Au moment de m’y mettre, deux constats se sont imposés à moi. Le premier : vu le poids des deux livres cumulés, couper au milieu du livre original n’était probablement pas une si mauvaise idée. Je peux même dire a posteriori que l’endroit même de la coupure est plutôt bien vu et semble presque relever de l’évidence. Le second : je suis très content, mais aussi déstabilisé. Même si le tome précédent ne laissait que peu de doute sur la situation à venir, l’entame de cette conclusion nous laisse un peu perdu.e.s. Il faut dire que dès le début de la saga, en partant d’une technologie si bêtement science-fictionnesque qu’elle en paraît presque déplacée ici (la voiture volante), Ada Palmer nous avait présenté un système mondial passionnant et en apparence parfait, quasiment utopique, pour progressivement nous en dévoiler les failles par la voix d’un narrateur au demeurant assez peu fiable. L’alphabet des créateurs et Peut-être les étoiles s’attachent à nous montrer ce qu’il advient quand ce système craque pour de bon. Quant au narrateur…
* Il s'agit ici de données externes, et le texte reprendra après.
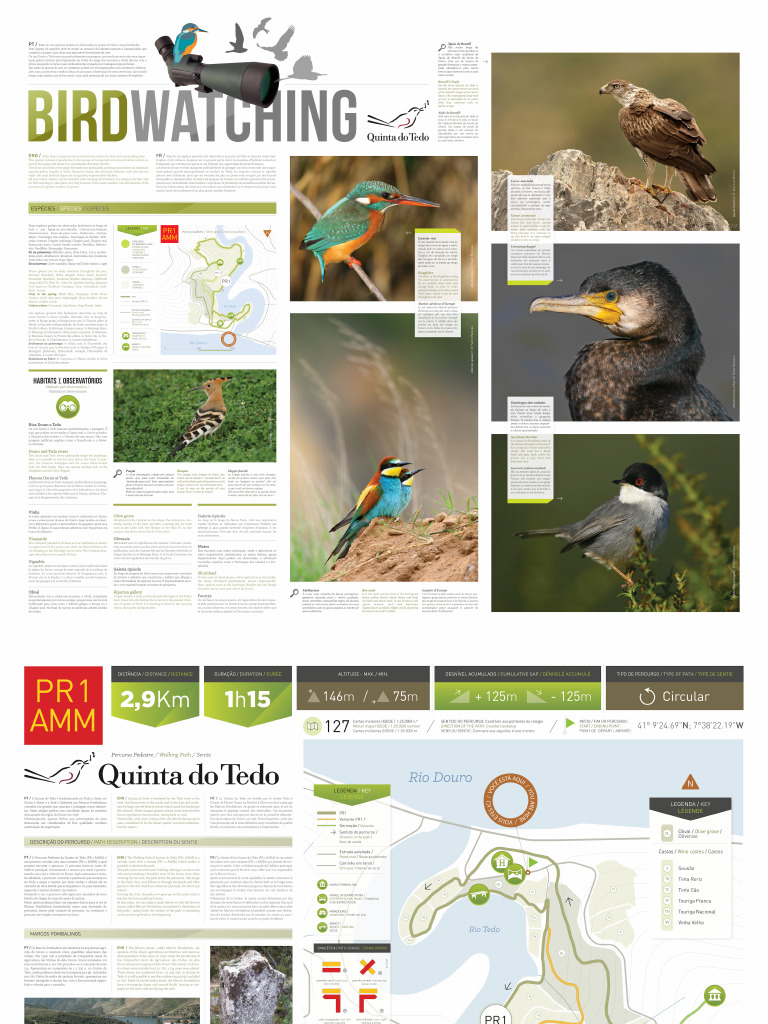 F Painel BIRDWATCHING PR1 AMM Quinta Tedo | PDF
Je me sens tout petit face à Terra Ignota. Ada Palmer réussit jusqu’au bout à allier une forme à la fois exigeante et efficace, avec un fond d’une érudition folle sans jamais se la raconter. Alors bien sûr, vu la variété des sujets abordés, certaines parties toucheront certain.e.s plus que d’autres. Moi, par exemple, la mythologie grecque, c’est pas trop trop mon truc, et c’est peu dire qu’on en mange par grandes pelletées dans cette fin de saga. Mais vous savez quoi ? Ca vaut vraiment le coup. Autre chose : je n’ai pas vraiment tout compris. Ce n’est pas que je n’aie RIEN compris, bien au contraire, j’ai tiré énormément de cette saga dans son ensemble, mais je sens bien que je pourrais y retourner et y retourner encore sans être rassasié. C’est sans hésiter la dimension quasiment mystique de la saga qui m’a laissé le plus perplexe, mais il s’agit davantage de l’impression d’avoir raté des clés de compréhension que de véritable scepticisme. J’ai l’impression qu’il me reste, quelque part dans ce long récit, des choses à comprendre et à décoder.
Prise comme un tout, Terra Ignota n’est pas vraiment une utopie. L’utopie en est (littéralement) une composante, mais c’est aussi autre chose. Ada Palmer convoque l’histoire, la mythologie, la philosophie, la science politique, la littérature, la théologie et j’en passe, pour poser tout un tas de questions. Pourquoi nous organisons-nous, à quelles fins ? Comment concilier une multitude d’idéaux et d’élans parfois contradictoires ? Comment construire une vaste société sur cette base ? Comment faire quand on a presque échoué ? Voilà ce que moi, à mon petit niveau, je retiens de ma première lecture de cette immense saga. Comme enrobage, elle a choisi un avenir fait de voitures volantes et d’énergie illimitée, comme pour laisser aux tentatives de réponses l’espace pour se déployer. Pour conclure, merci à Ada Palmer de m’avoir donné l’impression d’avoir écrit cette histoire rien que pour moi, et merci également à Michèle Charrier pour son monstrueux travail de traduction.
Sortie originale (anglais) : 2021 / Version française : 2022 (traduction : Michèle Charrier)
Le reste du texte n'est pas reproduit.